CLICK IMAGE ABOVE FOR FULL SIZE. See Note 1 for full methodology. A comparison of the Vulcan inventory and the 1x1 degree Brenkert et al (1998) inventory as expressed in atmospheric CO2 concentration using the Parameterized Computational Tracer Model (PCTM) run at Purdue University - Brenkert, A.L., Carbon dioxide emission estimates from fossil-fuel burning, hydraulic cement production, and gas flaring for 1995 on a one degree grid cell basis (, 1998.

"For example, we've been attributing too many emissions to the northeastern United States, and it's looking like the southeastern U.S. is a much larger source than we had estimated previously," says Kevin Gurney, an assistant professor of earth and atmospheric science at Purdue University and leader of the project.

To create the Vulcan maps, the research team developed a method to extract the CO2 information by transforming data on local air pollution, such as carbon monoxide and nitrous oxide emissions, which are tracked by the Environmental Protection Agency, the U.S. Department of Energy and other governmental agencies.

"These pollutants are important to determine the ozone levels and air quality in major cities, and they are tracked on an hourly basis," Gurney says. "We've been able to leverage that data to determine the levels of CO2 being produced."

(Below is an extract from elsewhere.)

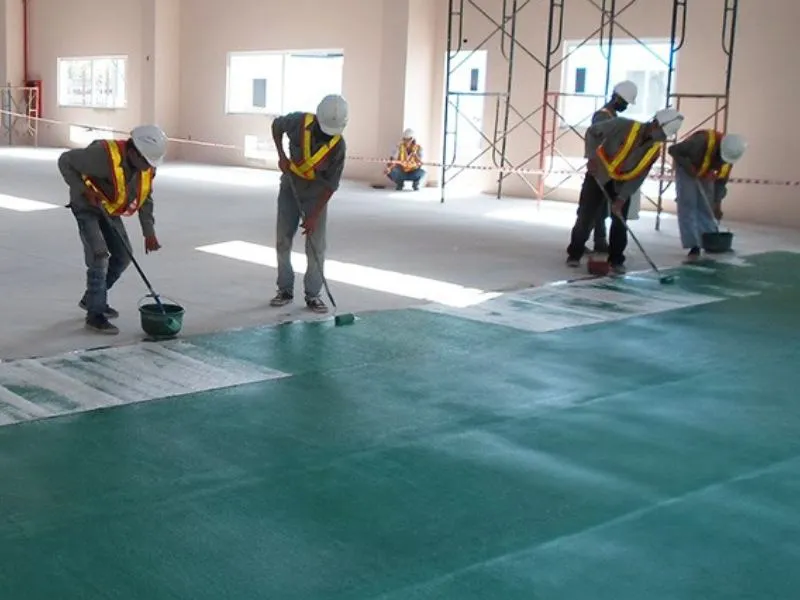 Chống thấm Composite 3 Dịch vụ chống thấm Composite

Carbon dioxide is the most important human-produced gas contributing to global climate change. The United States accounts for about 25 percent of global CO2 emissions.

"Before now the only thing policy-makers could do was take a big blunt tool and bang the U.S. economy with it," Gurney says. "Now we have more quantifiable information about what is happening in neighborhoods, on roads and in industrial areas, and track the CO2 by the hour. This offers policy-makers something akin to a scalpel instead."

Gurney says the inventory system, which is named for the Roman god of fire, quantifies all of the CO2 that results from the burning of fossil fuels such as coal and gasoline. It also tracks the hourly outputs at the level of factories, power plants, roadways, neighborhoods and commercial districts.

A preliminary analysis of the Vulcan data suggests that previous maps of U.S. fossil fuel emissions were inadequate for current scientific and policy-making needs, Gurney says.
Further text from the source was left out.